After we received our temporary export papers we rode to Thai passport control and parked the bikes next to the fence. We walked up like we were VIP and were shuffled to the front of the queue that was outside in the sun. It still took 30 minutes to get stamped out of TH. From there we went back outside and made a U-turn back to the little office that is just east of where you get stamped back into TH for the “Information of Conveyance” form. There was a helpful little Thai kid working there and we paid 20 or 30 baht for copies. Once we had these forms we went back to the bikes, stopped at the little guard shack and were given permission to leave TH.

On the Cambodian side, things were much simpler. Since we already had visas, I stayed behind with the bikes while the others went to get stamped in. Good thing I did because the 3 big bikes were like magnets for the dozen or more mocy taxi drivers who had their hands all over them.

Total time to cross border: just under 2 hours.

The road to Siem Reap can be broken up into three pieces. The total distance is 157 km. the first 50 km from Poipet to Sisophon is mostly sealed with potholes that could ding a rim if you’re not careful. There were stretches where you could get up to 100 kmh but they were few and far between. From Sisophon to Kralanh the road was dirt, red dirt, with lots of dust, red dust. 60 kmh was my max average speed for this stretch. There are several bridges on this stretch, most were steel covered, many with holes you could easily lose your front tire in. The most dangerous part of riding this rode was when someone would overtake you. The horn is the universal KH overtaking signal, when you hear it you should move over. Check your mirrors and you can tell if you should move to the left or the right. After being overtaken, there was often 10-15 seconds where you just couldn’t see the road surface because of the dust. I took it all in stride until I almost lost my passenger when I hit a big bump in the road with 25 meters of really soft dirt after it. She didn’t fall off and we all had a good laugh.


There was some interesting demining activity going on. This photo doesn’t show any sweeping but there really were sweepers right next to the road.


From Kralanh to Siem Reap is 25 km of dirt (like the previous section) and the last 25 km are sealed with only occasional pot holes.

Once in Siem Reap we left the bikes parked. You can ride them to the Angkor area but you can’t take them inside. For $20/day you can hire a tuk tuk to take you everywhere you want to go.

Stopping for a Buddhist funeral.


Photo of Khmer kids playing snooker on the side of the road.


Cute little Khmer kids. It seemed like everywhere we went there were naked little Khmer kids running from their homes waving and yelling “hello!”

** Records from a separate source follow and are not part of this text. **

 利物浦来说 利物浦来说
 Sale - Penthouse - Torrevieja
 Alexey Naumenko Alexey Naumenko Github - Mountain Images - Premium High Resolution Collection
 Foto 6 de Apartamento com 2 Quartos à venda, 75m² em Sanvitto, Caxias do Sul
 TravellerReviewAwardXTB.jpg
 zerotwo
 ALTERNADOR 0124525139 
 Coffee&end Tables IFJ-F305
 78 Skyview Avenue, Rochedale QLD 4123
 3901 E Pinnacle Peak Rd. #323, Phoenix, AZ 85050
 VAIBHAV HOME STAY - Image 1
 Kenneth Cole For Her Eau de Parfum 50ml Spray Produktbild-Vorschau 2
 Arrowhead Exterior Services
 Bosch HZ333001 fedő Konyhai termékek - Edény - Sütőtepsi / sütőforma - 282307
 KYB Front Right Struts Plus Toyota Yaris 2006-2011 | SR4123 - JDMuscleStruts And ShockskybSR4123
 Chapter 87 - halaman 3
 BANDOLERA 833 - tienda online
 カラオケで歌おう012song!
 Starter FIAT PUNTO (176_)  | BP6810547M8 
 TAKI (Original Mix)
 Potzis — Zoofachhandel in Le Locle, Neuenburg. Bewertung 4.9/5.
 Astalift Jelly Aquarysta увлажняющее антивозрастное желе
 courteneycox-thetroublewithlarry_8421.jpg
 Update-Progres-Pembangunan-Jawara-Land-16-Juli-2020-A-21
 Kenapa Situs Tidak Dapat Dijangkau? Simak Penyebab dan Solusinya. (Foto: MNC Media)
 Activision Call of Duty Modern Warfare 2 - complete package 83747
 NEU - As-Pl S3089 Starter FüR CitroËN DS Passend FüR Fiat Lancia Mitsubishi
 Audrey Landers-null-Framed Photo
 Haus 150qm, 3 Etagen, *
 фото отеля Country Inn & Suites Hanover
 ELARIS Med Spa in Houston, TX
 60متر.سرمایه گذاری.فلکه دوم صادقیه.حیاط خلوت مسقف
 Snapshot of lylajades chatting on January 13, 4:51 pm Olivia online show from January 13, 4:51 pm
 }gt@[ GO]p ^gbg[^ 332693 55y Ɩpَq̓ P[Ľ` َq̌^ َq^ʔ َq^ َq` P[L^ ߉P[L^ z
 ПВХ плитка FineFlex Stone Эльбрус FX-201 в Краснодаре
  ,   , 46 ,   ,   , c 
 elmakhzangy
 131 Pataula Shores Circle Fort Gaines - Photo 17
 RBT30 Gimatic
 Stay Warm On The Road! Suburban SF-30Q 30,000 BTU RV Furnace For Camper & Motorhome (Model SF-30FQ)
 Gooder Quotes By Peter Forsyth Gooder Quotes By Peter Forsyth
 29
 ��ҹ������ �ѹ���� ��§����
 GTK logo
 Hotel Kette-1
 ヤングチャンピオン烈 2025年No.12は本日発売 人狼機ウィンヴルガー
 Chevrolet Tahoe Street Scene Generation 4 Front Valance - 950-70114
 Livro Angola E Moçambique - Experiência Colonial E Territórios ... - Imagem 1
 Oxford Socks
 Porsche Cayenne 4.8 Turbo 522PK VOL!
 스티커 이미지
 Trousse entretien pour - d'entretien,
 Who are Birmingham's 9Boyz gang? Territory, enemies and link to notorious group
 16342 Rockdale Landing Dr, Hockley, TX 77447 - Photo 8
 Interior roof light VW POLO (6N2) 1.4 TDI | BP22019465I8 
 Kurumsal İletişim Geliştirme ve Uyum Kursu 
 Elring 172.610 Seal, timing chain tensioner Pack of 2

There is a small temple of the way to Angkor that chronicles Pol Pot’s heyday. This kind of thing makes me so damned angry. There were smaller chedi’s with children’s remains in them and a small story board the showed how they would turn the kids loose and tell them that if they ran fast enough they might not get shot.


Would I do it again? Yes, but on my XR250, not two-up on a GS. I would also make sure not to try the dirt roads in the rainy season.


If I wasn't doing this, I'd be doing something else...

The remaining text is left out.